Failure of Alzheimer's drug to cost Elan $117m
THE FAILURE of one of its potential Alzheimer’s treatments to get through clinical trials will cost Elan $117 million, the pharmaceutical group said yesterday.
Dublin-listed Elan’s partners, Pfizer and Johnson Johnson, confirmed yesterday they were abandoning the development of bapineuzumab intravenous, a potential treatment for Alzheimer’s Disease, after it failed to pass a second round of clinical tests.
Elan said in a statement that the decision would result in it taking a charge of $117.4 million in its third-quarter results to account for its investment in the development of the drug.
Both the statement and a spokesman pointed out yesterday that the decision also meant that Elan would no longer have to pay its share of the development costs.
The news sparked a sharp fall in Elan’s share price in Dublin. Its stock closed 8.75 per cent down at €8.43, its lowest since December last year.
Analysts yesterday said the news was disappointing for both investors and researchers.
Elan discovered the drug but three years ago enlisted Johnson Johnson and Pfizers as partners to develop it. If it had been successful the Irish company stood to get 20 per cent of any revenues generated.
The three are continuing to fund and work on the development of three other possible Alzheimer’s treatments – a different version of bapineuzumab, a potential vaccine against the disease known as ACC001, and a third substance called AAB003.
Elan owns 49.9 per cent of Janssen AI, which Johnson Johnson established to work with Pfizer on Alzheimer’s treatments. Elan owns 25 per cent of the overall venture, and is entitled to a share of revenues should any of the drugs be commercialised.
Bapineuzumab intravenous was designed to treat mild to moderate Alzheimer’s. The substance broke down deposits that build up on the brains of patients with the disease.
The three companies believed that tackling this symptom was key to treating the progress of the disease. However, clinical trials found that it failed to improve symptoms in the second of four scheduled clinical trials.
Elan chief executive Kelly Martin said the group would continue to focus on Tysabri, the multiple sclerosis treatment that it sells in partnership with Biogen.
A spokesman said yesterday that this is expected to deliver revenues of €3 billion by 2016. At this stage more than 69,000 patients are using the treatment. That figure is expected to grow by 15 per cent this year.

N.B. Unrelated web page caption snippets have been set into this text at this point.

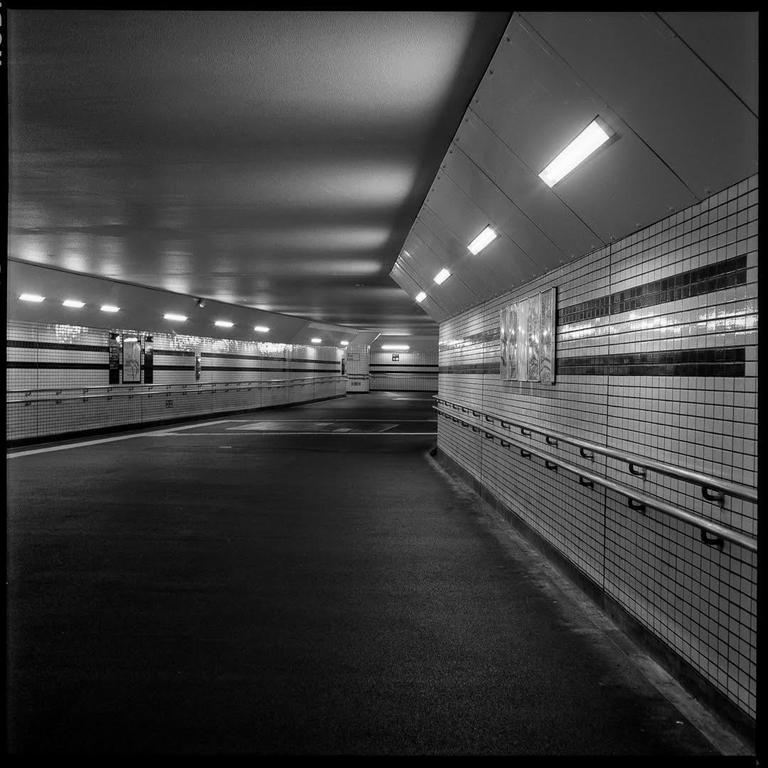 A long, empty, brightly lit pedestrian tunnel curves to the right.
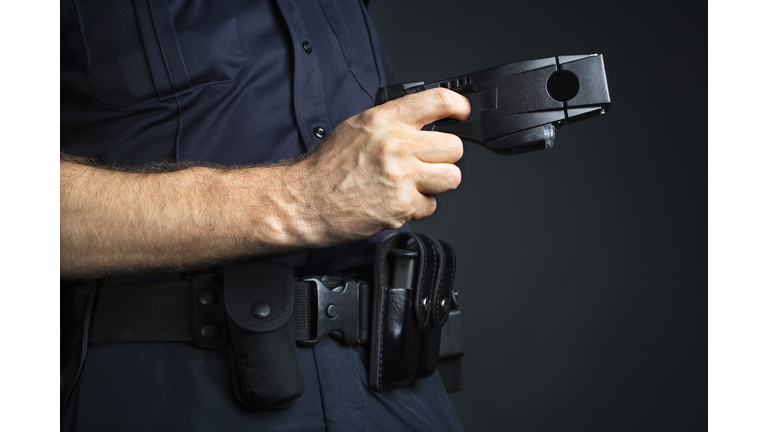 Police officer holding stun gun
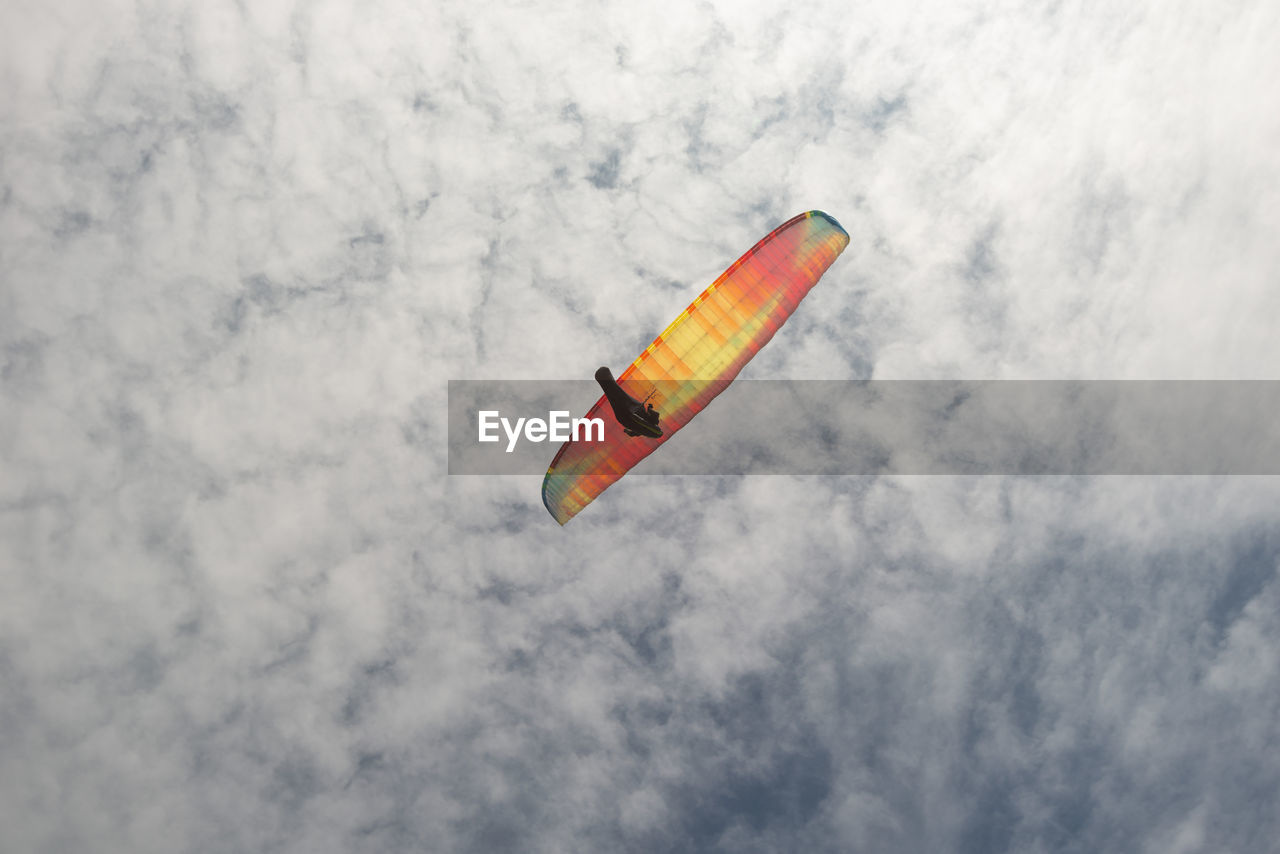 Low angle view of kite flying against sky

He added that the group would continue to work on strengthening its balance sheet. It had reduced debts to $600 million from $3 billion over the last three years.
The market for a successful Alzheimer’s treatment is potentially worth multiple billions as more people are living longer in developed countries. The disease mainly affects older people.
Eli Lilly, which has a manufacturing operation in Cork, is due to produce trial results for another Alzheimer’s treatment.